There are a lot of these in my life — where I thought something was bad, but it turned out good.

The latex allergy
I developed a latex allergy — a real problem when balloon twisting is your thing. But it forced me to learn to twist wearing leather gloves, and leather gloves turn out to be wonderful: they don’t squeak against the balloons the way bare hands do, so I can make balloons anywhere without that rubbery screech announcing me first. Bad luck? Maybe.
The shoulder
I tweaked my shoulder doing Turkish get-ups — and discovered I’d been grinding the same sloppy form for years without realizing it. The injury forced me to rebuild my kettlebell technique from the ground up: now every rep is crisp, aligned, and dialed in. Bad luck? Maybe.
The second phone
Work was starting to monitor my devices, and Facebook was getting aggressive about hunting for leaks — firing people even when it was likely a false positive or an accidental leak. I figured I’m sloppy enough that sooner or later I’d be one of those accidental leaks, so I air-gapped my work onto a separate laptop and phone. The laptop I didn’t mind. But a second phone? I was sure that would be absolutely miserable — I hate carrying two phones, I figured I’d lose one, I figured I’d regret it. Then, on vacation, the second phone turned out to be a gift: when Amelia forgets her phone or lets the battery die, I just hand her my spare — now she’s reachable, trackable, and covered. Bad luck? Maybe.
Amazon
After three great years at Amazon, I ended up on a team that was just a really bad fit for me. That mismatch resulted in a very not-great review, which was genuinely stressful at the time. But it lit a fire under me: I studied hard and ended up with offers from Facebook, Google, Zillow, Indeed, and a couple of smaller companies. I picked Facebook — and have had an amazing six-year-and-counting career there. Bad luck? Maybe.

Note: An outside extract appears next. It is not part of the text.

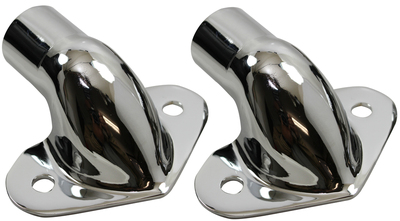 1941-1953 STEPSIDE PU TAILGATE HINGES - CHROME Photo Main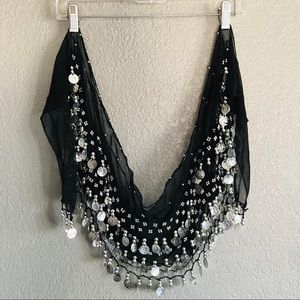 Belly dancing hip scarf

Mental breakdown in my thirties
I went through a really rough stretch in my thirties — mental-breakdown territory, honestly, the worst I’ve ever felt. But it’s what pushed me to treat sleep as sacred, build my emotional-health habits (gratitude, meditation, the daily practices), discover the 7 Habits, and write my eulogy — the whole operating system I run my life on now. I wouldn’t have built any of it if I hadn’t needed to. Bad luck? Maybe.
I still panic first, but I’ve been wrong so many times about which turns were good and which were bad that I wish I could remember you never can tell.
ps. I know every one of these ran bad-news-to-good-news. The reverse is just as true — the good news passes too. One of my affirmations is “this too shall pass,” and it applies just as much in the good times as the bad.